The pilot study portion of Seno's PIONEER trial, titled A Pivotal Study of Imaging With Optoacoustics to Diagnose Breast Masses Detected by Mammography and/or Diagnostic Ultrasound, demonstrated the potential of the Imagio system to more accurately classify benign breast masses compared with traditional ultrasound methods, according to the company.
Overall, Imagio's optoacoustic breast imaging system yielded 97.6% sensitivity and 44.4% specificity in the 100-subject pilot study, which was presented at the recent RSNA 2015 meeting in Chicago. The pilot study was conducted as the initial part of a larger U.S.-based, multicenter PIONEER study of more than 2,000 subjects that seeks to demonstrate the ability of the Imagio system to downgrade BI-RADS scores.

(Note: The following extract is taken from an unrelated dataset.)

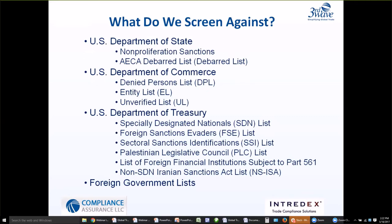If you're in the oil and gas industry or your products support it and you're selling into Russia, make sure you're screening against the SSI list. There's also the Palestinian Legislative Council list (PLC list), the list of foreign financial institutions subject to Part 561 — also known as the 561 list — and lastly, the non-SDN Iranian Sanctions Act list, or NSISA. These are the critical 11 lists you want to make sure you're screening against. There are also foreign government lists and other lists that may be applicable to your transactions, so make sure you're considering those in your screening activities.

In the pilot study, seven independent breast radiologist readers and an expert radiologist trainer blindly assessed 102 masses from the pilot study cases using only Imagio optoacoustic images. Among these subjects, there were 75 biopsied masses (39 benign, 36 malignant).
Grayscale ultrasound images were taken with the Imagio system's conventional ultrasound technology immediately prior to the optoacoustic exam, and these images were designated as the internal ultrasound control. Later, the readers also assigned a BI-RADS score to these images, Seno said.
Using optoacoustic imaging, the readers downgraded conventional diagnostic ultrasound findings that were classified as BI-RADS 3 (probably benign) masses to BI-RADS 2 (benign) in 33% of cases. As for cases with BI-RADS scores 4a or 4b (in which a suspicious abnormality is discovered and a biopsy is recommended), readers were able to downgrade BI-RADS 4a masses to BI-RADS 2 or 3 in 53% of cases and BI-RADS 4b masses to BI-RADS 3 or 2 in 33% of cases, according to the company.
In addition, the readers downgraded BI-RADS categories of the internal ultrasound control-classified BI-RADS 3 masses to BI-RADS 2 in 43% of cases, BI-RADS 4a to either BI-RADS 3 or 2 in 43% of cases, and BI-RADS 4b masses to either BI-RADS 3 or 2 in 13% of cases, Seno said.